Confessions and The Relevant

One question which I am frequently asked is whether we need a new confession, or at least some additional paragraphs or chapters, to deal with contemporary issues.  It is perhaps not surprising that the most common example cited is that of gay marriage.

All true Protestant confessionalists must be open to the idea of confessional revision in the light of biblical teaching, even as such revision must be done according to responsible ecclesiastical process.  The question is: when is revision necessary?  Given that gay marriage is the ethical, political and legal issue of our time, should our foundational confessional documents not address it directly?

To take this specific issue, it actually seems unnecessary to engage in any revision at all.  While the topic is not directly addressed in the Westminster Confession, the positive principles of marriage are laid out in Chapter 24, ‘Of marriage and divorce.’   Thus, for example, the first paragraph reads:

Marriage is to be between one man and one woman: neither is it lawful for any man to have more than one wife, nor for any woman to have more than one husband, at the same time.

Marriage is between one man and one woman.  This clearly rules out the marriage of one man with another man, along with any other permutation of partnerships with any other life forms one might care to imagine.
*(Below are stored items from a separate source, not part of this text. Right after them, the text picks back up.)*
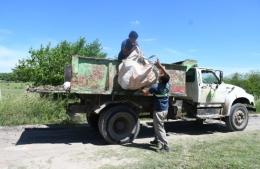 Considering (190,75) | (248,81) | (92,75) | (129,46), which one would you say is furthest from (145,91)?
(248,81)

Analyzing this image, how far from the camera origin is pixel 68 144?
1060cm

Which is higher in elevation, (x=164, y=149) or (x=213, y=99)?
(x=213, y=99)

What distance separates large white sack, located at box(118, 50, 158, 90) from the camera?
10.4 m

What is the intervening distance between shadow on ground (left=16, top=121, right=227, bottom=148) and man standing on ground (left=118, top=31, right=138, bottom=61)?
2345mm

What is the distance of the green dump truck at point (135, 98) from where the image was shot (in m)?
10.3

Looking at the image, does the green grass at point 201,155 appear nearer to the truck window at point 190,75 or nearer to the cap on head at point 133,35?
the truck window at point 190,75

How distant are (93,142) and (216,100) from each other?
429 cm

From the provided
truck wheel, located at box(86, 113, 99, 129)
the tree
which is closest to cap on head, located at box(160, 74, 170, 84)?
truck wheel, located at box(86, 113, 99, 129)

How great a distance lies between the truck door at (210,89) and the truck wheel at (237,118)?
0.55 meters

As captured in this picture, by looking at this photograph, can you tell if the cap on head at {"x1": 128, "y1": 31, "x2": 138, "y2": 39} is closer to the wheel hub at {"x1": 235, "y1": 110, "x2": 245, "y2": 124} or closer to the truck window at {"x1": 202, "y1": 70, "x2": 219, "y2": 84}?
the truck window at {"x1": 202, "y1": 70, "x2": 219, "y2": 84}

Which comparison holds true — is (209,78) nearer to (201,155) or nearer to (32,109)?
(201,155)

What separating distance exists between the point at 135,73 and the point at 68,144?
248cm

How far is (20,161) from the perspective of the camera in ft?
28.1

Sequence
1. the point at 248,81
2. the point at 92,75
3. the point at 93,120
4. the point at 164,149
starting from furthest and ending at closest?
the point at 248,81
the point at 93,120
the point at 92,75
the point at 164,149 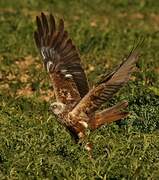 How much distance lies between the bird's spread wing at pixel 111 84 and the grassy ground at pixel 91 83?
380mm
There is no need for confessional revision or supplementation.

Of course, a church might want to reflect in more detail on the various pastoral, disciplinary, and legal issues surrounding same sex marriage.  In such circumstances, a church report, such as that on human sexuality from the RPCNA, is useful.   It is driven by the church (and so not simply the thoughts of a group of self-selected Top Men) and can offer very helpful insights.  But because it is not embodied in the confessional standards of the church, it does not bind consciences nor does it run the risk of becoming rapidly antiquated.   

These are perhaps the two major problems with confessional revisions or expansion.  First, they add yet more to the things which ministers, elders and deacons have to believe, thus further binding their consciences and restricting Christian liberty.   Second, they also run the risk of becoming dated very quickly.  Marriage is a divine institution.  It will remain relevant until the new heavens and the new earth.  Who knows if gay marriage will last that long as an issue?  Maybe it will, maybe it will not.  But as long the Confession excludes it simply by the positive definition of that which is perennial, then the Confession does not run the risk of irrelevance or redundancy.  In short, as a general principle we should always try to address pressing contemporary questions, whether theological or ethical, using the resources our confessional standards provide for us.   Only when that provision is thoroughly inadequate and when the issue is one of such obvious permanent concern should we consider revising our confessional foundations.
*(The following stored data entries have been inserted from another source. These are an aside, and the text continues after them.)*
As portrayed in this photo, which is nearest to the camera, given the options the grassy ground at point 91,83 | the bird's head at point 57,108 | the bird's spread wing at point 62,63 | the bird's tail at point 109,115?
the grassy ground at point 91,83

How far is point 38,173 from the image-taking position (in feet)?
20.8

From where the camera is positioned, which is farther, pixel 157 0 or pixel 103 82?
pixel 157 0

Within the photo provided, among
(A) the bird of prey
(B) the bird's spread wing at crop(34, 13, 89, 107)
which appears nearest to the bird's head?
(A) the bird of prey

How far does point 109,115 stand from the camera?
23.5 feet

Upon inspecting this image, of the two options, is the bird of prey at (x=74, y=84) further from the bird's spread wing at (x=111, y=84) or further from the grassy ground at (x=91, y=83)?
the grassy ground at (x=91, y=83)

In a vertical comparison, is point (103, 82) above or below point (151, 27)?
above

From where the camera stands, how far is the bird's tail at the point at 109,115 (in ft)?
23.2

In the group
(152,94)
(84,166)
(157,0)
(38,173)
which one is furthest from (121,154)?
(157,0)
This brings me to my final point: for all of the trumpeting of ‘confessional evangelicalism’ over the last decade, what the term usually denotes is ‘evangelicalism which holds at some level to the importance of doctrine and of an anti-Pelagian understanding of grace.’  Thus, confessional has simply replaced the older, more staid adjective conservative. In its actual manifestations, it is typically not confessional in the ecclesiastical sense but rather more Southern Baptist: personality driven, with brief or ad hoc statements of faith expressing basic soteriological concerns.  It often also feels a need to speak to the wider world which then sometimes becomes confused with the need to define doctrinal standards for the church.  Such a movement, with such meager confessional resources, is likely to feel the temptation to keep plugging perceived holes in ecclesiastical statements to meet current cultural challenges. In such a context, it would simply be easier (and ironically far more relevant in the long run) to adopt an elaborate confession from three or four hundred years ago which is by and large focused on perennial principles not today's tastes.